Now back when it was in development, the Nintendo Wii (which is officially just called the Wii) was called the Nintendo Revolution. After Microsoft announced that the next gen X-Box would be called the X-Box 360, Nintendo announced that the product would actually be called the Wii. According to Wikipedia, the folks at Nintendo say that the renaming had nothing to do with that - they said that they wanted something short, memorable, and easy for folks all over the world to pronounce. I found the change weird largely because, while many products claim to be revolutionary, this one truly was. As the late scientist and science fiction author Arthur C. Clarke once said, "Any sufficiently advanced technology is indistinguishable from magic." I find the Wii pretty indistinguishable from magic. I used to find Frogger barely distinguishable from magic.
Speaking of Frogger, Will Farrell once claimed, in a Matrix spoof, to have named the game Frogger, which was before that named "Highway Crossing Frog." Wikipedia reports that, in fact, "Highway Crossing Frog" was the working title of the game.
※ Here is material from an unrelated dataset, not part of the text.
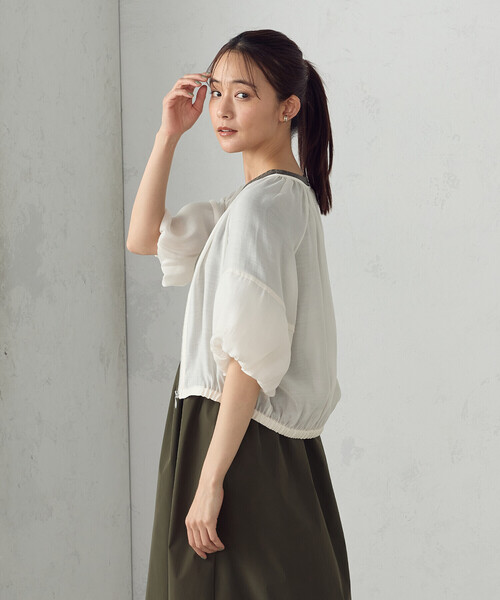 COMME CA ISM(コムサイズム)の「バルーンスリーブ シア―ブルゾン(ブルゾン・レディース・ブラック/ホワイト・LARGE/MEDIUM)」の6枚目の写真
Q*Bert, which stars a little orange critter with a very short trunk in place of a nose and/or mouth, took a while to find its name, according to Wikipedia. The working title was Cubes, because the gist of the game is that you have to make your character hop around on some cubes. Way cooler than it sounds. One executive for Gottlieb, the company that created the game, wanted to call the game @!#?@! after the text that appears in a speech bubble over Q*Bert's head when he falls off the cubes. Other execs vetoed the idea, claiming that @!#?@! is difficult to pronounce. This leads me to believe that none of the other execs ever played the game, because I certainly have no trouble pronouncing that word every time I try to play the stupid thing. I fall a lot. The company finally decided on Cubert, a play on Hubert that also included the word "cube." It was an art director who decided to spell the name with a Q. The Wikipedia article also says that on the original arcade games, the sound produced when Q*Bert fell wasn't software-based - it was actually a pinball coil inside the machine that made the noise. I just thought that little detail was cool.